-- What you are asked to do --
Retype, word for word, every line from the one holding "Opel Meriva A" through the one holding "Explore Athens on" in the entries below, both included, and only those lines.

### Dataset extract

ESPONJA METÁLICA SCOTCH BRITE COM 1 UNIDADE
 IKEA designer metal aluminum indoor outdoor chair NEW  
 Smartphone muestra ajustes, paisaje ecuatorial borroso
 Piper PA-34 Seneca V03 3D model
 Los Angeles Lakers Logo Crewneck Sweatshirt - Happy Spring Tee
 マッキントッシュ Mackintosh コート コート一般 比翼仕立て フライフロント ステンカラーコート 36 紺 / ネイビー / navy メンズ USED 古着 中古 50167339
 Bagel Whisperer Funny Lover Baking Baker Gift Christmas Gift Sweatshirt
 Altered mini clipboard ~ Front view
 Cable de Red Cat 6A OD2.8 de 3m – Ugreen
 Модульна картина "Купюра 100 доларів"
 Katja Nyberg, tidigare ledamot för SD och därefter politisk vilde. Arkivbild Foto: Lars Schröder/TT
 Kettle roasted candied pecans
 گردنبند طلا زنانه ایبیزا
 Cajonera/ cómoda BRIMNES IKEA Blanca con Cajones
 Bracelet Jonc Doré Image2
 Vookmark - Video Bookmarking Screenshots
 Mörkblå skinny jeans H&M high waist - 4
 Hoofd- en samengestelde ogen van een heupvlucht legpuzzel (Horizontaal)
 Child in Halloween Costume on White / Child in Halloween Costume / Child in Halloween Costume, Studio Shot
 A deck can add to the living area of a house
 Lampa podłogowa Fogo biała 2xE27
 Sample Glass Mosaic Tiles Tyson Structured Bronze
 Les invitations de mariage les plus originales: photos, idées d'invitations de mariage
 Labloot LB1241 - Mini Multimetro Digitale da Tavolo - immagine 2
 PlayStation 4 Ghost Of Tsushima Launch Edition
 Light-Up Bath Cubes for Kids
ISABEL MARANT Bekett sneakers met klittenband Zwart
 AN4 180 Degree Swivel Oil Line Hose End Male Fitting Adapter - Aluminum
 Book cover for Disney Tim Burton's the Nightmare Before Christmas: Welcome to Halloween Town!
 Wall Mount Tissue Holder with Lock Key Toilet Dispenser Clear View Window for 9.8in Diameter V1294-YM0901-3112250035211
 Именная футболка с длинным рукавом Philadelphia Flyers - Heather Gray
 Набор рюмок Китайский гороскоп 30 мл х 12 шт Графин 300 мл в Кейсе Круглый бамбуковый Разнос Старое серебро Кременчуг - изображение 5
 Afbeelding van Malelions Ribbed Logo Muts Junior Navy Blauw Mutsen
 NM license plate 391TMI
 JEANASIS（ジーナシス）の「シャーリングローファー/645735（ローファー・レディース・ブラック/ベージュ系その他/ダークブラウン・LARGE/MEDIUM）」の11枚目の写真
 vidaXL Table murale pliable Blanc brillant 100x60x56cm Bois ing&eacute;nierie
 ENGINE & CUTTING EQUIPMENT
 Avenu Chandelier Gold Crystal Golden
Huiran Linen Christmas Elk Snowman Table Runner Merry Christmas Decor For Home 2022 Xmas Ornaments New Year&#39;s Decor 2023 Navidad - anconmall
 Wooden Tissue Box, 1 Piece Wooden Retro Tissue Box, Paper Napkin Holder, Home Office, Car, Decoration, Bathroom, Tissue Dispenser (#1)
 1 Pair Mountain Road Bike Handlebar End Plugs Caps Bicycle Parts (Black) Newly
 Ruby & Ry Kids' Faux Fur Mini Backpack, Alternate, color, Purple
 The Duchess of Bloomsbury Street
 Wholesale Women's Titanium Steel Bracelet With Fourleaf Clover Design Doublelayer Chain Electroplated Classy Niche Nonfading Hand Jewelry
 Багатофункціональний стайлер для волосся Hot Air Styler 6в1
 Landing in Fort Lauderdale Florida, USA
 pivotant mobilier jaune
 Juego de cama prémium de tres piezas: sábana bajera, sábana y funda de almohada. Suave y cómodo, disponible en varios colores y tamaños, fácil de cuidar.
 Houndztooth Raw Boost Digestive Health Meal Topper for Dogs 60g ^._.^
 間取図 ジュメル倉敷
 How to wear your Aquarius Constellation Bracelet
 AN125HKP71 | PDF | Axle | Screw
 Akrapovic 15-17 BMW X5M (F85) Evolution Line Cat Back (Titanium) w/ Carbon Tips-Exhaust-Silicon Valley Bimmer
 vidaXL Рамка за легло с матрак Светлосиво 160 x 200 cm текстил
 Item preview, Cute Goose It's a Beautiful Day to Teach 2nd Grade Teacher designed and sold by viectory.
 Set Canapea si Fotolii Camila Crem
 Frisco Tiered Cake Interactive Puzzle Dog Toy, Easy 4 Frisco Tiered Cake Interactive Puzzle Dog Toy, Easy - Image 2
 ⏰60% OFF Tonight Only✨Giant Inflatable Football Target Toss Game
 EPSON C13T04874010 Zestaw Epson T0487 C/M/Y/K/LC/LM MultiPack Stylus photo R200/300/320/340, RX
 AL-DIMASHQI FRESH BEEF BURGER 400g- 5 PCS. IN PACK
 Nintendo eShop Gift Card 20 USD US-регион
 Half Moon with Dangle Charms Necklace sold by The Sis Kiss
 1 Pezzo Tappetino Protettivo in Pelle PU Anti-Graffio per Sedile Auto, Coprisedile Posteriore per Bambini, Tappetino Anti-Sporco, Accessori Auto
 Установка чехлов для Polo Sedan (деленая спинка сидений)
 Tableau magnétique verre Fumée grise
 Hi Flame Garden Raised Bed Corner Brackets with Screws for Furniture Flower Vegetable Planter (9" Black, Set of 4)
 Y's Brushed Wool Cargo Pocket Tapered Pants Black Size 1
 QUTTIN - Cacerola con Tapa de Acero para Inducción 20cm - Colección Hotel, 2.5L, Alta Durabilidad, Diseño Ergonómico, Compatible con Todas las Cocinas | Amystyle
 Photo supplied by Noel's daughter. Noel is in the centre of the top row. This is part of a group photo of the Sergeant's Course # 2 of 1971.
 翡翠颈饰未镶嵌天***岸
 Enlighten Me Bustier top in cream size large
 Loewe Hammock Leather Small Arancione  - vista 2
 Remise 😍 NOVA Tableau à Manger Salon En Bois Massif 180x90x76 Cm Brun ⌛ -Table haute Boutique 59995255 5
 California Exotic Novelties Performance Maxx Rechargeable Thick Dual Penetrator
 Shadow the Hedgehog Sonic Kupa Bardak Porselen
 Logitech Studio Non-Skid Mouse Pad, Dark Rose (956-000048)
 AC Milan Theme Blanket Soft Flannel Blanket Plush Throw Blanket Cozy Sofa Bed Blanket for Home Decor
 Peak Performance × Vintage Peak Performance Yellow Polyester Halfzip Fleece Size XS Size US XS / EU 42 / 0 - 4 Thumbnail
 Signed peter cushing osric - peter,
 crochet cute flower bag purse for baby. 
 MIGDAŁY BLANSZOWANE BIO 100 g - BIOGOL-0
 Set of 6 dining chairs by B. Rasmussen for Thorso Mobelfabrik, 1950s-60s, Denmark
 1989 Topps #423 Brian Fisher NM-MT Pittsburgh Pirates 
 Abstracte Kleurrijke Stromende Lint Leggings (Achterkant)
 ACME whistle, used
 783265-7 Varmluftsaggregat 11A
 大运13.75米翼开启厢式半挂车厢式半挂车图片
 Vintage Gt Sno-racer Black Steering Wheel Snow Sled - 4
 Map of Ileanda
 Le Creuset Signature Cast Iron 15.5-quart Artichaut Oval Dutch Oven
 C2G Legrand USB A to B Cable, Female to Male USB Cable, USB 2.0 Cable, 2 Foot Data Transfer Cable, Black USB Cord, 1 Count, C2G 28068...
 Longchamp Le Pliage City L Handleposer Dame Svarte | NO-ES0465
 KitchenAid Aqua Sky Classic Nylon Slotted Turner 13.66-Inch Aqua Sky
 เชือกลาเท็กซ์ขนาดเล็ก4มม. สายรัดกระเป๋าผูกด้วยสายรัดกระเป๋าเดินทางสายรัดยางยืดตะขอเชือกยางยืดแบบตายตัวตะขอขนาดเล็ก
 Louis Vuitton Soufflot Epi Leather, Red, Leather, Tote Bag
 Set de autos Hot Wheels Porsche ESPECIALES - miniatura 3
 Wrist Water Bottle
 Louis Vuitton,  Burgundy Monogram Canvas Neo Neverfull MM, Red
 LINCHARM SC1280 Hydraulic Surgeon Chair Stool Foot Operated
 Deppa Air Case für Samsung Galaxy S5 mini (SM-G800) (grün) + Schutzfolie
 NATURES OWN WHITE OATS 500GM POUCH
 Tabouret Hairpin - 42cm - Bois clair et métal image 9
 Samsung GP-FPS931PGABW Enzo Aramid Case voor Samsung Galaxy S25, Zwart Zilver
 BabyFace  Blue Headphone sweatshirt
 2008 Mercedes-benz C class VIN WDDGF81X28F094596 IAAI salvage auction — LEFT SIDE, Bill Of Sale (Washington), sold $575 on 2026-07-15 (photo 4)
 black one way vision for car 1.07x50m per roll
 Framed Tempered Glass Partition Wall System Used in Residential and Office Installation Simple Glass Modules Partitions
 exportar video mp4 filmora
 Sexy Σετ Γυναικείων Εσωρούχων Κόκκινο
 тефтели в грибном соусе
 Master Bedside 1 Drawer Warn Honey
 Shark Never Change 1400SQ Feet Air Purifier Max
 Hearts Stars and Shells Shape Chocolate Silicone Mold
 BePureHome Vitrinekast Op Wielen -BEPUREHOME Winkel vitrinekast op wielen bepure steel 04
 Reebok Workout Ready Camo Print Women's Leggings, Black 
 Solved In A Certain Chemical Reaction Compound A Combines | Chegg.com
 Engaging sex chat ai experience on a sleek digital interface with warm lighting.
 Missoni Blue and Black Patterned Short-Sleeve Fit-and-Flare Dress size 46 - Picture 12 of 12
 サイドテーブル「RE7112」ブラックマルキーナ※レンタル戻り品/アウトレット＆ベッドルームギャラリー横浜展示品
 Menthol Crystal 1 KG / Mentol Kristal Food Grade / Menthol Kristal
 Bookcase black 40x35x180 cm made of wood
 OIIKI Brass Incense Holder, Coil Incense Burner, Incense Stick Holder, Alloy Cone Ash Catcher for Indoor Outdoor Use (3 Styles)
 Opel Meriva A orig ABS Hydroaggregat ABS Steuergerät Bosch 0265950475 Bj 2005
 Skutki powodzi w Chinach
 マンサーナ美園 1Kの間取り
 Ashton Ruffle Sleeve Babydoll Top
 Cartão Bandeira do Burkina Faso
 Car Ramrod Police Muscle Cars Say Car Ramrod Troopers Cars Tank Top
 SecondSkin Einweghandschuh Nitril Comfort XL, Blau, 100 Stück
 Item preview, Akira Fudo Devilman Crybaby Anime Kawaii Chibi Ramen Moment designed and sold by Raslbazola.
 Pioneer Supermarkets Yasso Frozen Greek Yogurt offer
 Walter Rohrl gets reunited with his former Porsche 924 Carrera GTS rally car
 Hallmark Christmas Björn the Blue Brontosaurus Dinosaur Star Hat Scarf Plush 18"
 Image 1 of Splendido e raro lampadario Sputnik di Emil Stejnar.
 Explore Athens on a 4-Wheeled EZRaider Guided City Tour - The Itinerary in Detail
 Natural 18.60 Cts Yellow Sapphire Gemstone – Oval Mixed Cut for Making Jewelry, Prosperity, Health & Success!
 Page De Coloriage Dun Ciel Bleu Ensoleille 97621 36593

######

-- Problem solution --
 Opel Meriva A orig ABS Hydroaggregat ABS Steuergerät Bosch 0265950475 Bj 2005
 Skutki powodzi w Chinach
 マンサーナ美園 1Kの間取り
 Ashton Ruffle Sleeve Babydoll Top
 Cartão Bandeira do Burkina Faso
 Car Ramrod Police Muscle Cars Say Car Ramrod Troopers Cars Tank Top
 SecondSkin Einweghandschuh Nitril Comfort XL, Blau, 100 Stück
 Item preview, Akira Fudo Devilman Crybaby Anime Kawaii Chibi Ramen Moment designed and sold by Raslbazola.
 Pioneer Supermarkets Yasso Frozen Greek Yogurt offer
 Walter Rohrl gets reunited with his former Porsche 924 Carrera GTS rally car
 Hallmark Christmas Björn the Blue Brontosaurus Dinosaur Star Hat Scarf Plush 18"
 Image 1 of Splendido e raro lampadario Sputnik di Emil Stejnar.
 Explore Athens on a 4-Wheeled EZRaider Guided City Tour - The Itinerary in Detail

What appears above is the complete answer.